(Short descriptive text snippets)
+ + + +

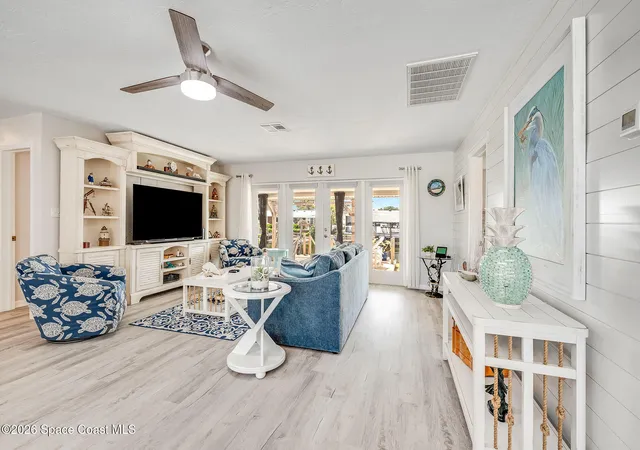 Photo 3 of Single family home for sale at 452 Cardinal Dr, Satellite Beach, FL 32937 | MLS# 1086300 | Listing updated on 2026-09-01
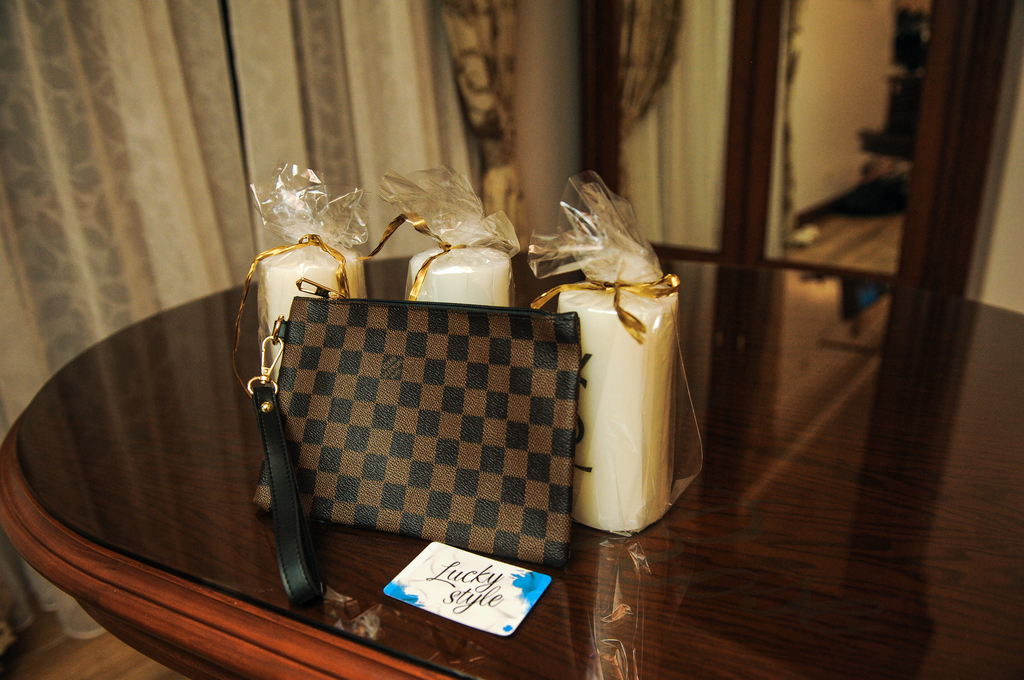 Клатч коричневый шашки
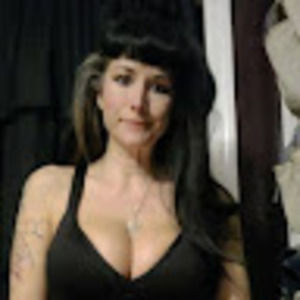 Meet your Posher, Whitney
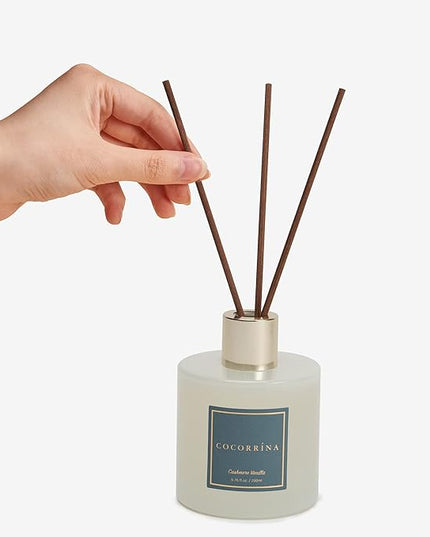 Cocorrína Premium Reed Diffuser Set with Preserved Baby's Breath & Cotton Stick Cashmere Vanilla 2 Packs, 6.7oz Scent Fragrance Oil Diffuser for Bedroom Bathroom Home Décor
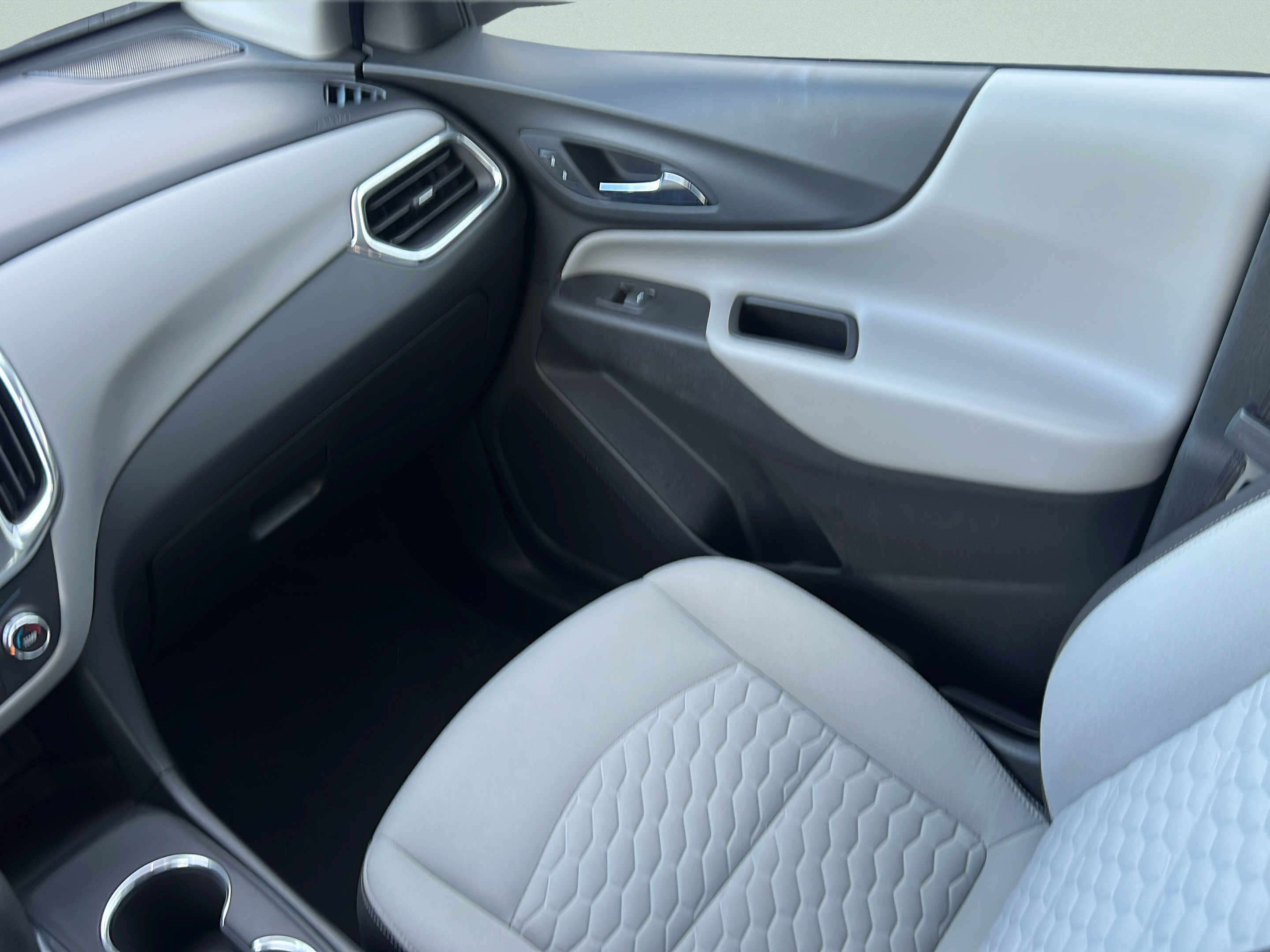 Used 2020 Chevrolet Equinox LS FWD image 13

+ + + +

• [REQUIRED WORK]:
The entries above should be reproduced exactly, without their pictures.

• [TASK SOLUTION]:
 Photo 3 of Single family home for sale at 452 Cardinal Dr, Satellite Beach, FL 32937 | MLS# 1086300 | Listing updated on 2026-09-01
 Клатч коричневый шашки
 Meet your Posher, Whitney
 Cocorrína Premium Reed Diffuser Set with Preserved Baby's Breath & Cotton Stick Cashmere Vanilla 2 Packs, 6.7oz Scent Fragrance Oil Diffuser for Bedroom Bathroom Home Décor
 Used 2020 Chevrolet Equinox LS FWD image 13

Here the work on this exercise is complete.